I really like the thought; it is a fine example of how science can inspire a strong spiritual sense. We are made from the same stuff that is found all around us, even to the ends of the universe (if such a thing can be said to exist.) We differ only in how we are arranged. If there ever was a reason to believe we are one with the universe - even a part of the universe become conscious of itself, as I once heard it said - than this is a good reason. The elements that compose our bodies were first formed inside of a star, as were those that make up a rock or an apple pie!

But how does it work? How are all the elements formed and then flung into space as the building blocks of all we see?




So, that's the "starstuff".

Hydrogen, helium, and a little lithium and beryllium existed long before there were ever stars. In the very early stages of the universe conditions were under too much heat and pressure to allow for the formation of even these light elements, but as the universe expanded and thereby cooled single electrons could pair with a proton to form the hydrogen atom.


This process, called "recombination", had the side effect of allowing the first light the universe had ever known to shine. Before then photons would be disrupted and scattered by the frenzied and unoccupied electrons.

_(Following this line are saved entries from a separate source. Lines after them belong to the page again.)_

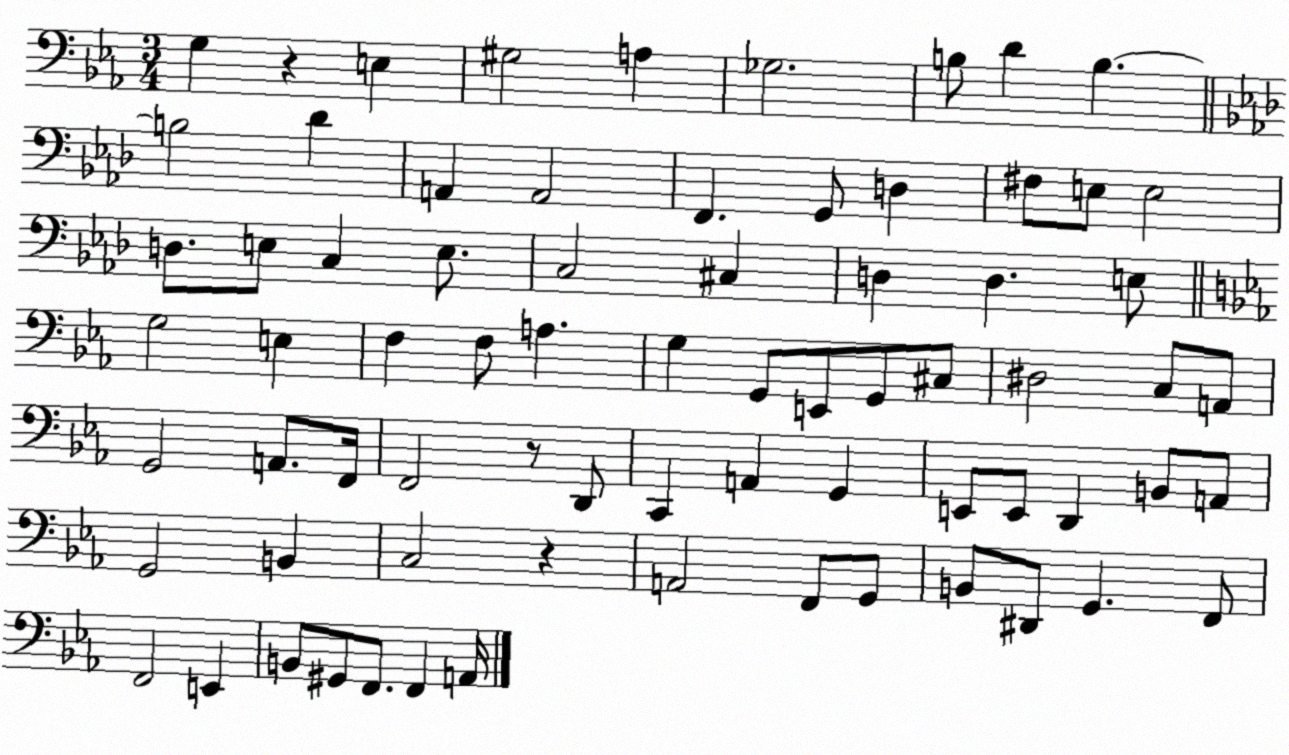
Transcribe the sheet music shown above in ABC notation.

X:1
T:Untitled
M:3/4
L:1/4
K:Eb
G, z E, ^G,2 A, _G,2 B,/2 D B, B,2 _D A,, A,,2 F,, G,,/2 D, ^F,/2 E,/2 E,2 D,/2 E,/2 C, E,/2 C,2 ^C, D, D, E,/2 G,2 E, F, F,/2 A, G, G,,/2 E,,/2 G,,/2 ^C,/2 ^D,2 C,/2 A,,/2 G,,2 A,,/2 F,,/4 F,,2 z/2 D,,/2 C,, A,, G,, E,,/2 E,,/2 D,, B,,/2 A,,/2 G,,2 B,, C,2 z A,,2 F,,/2 G,,/2 B,,/2 ^D,,/2 G,, F,,/2 F,,2 E,, B,,/2 ^G,,/2 F,,/2 F,, A,,/4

Fast forward to the formation of stars. When a cloud of hydrogen and helium reaches a certain mass, the pressure exerted by the gases is overcome by the inward force of gravitation and the whole thing undergoes a "gravitational collapse". This proto-star grows in size through accretion - the accumulation of more gas through the pull of gravity - until the heat at the core of the star is so great that nuclear fusion is begun and the star ignites. For most of the star's life it is fueled by the fusion of hydrogen into helium; as it dies it grows into a "red giant", and it is during this phase that helium atoms are able to fuse and form carbon. In larger stars all the elements up to and including iron are produced during this stage. It is only when a star goes supernova that enough heat and energy are created to allow for the production of the heavier elements found on the periodic table after iron. It is also these supernovae that throw the elements out into the universe for many light-years in all directions. The iron becomes the core of many a planet, and carbon the stuff of life.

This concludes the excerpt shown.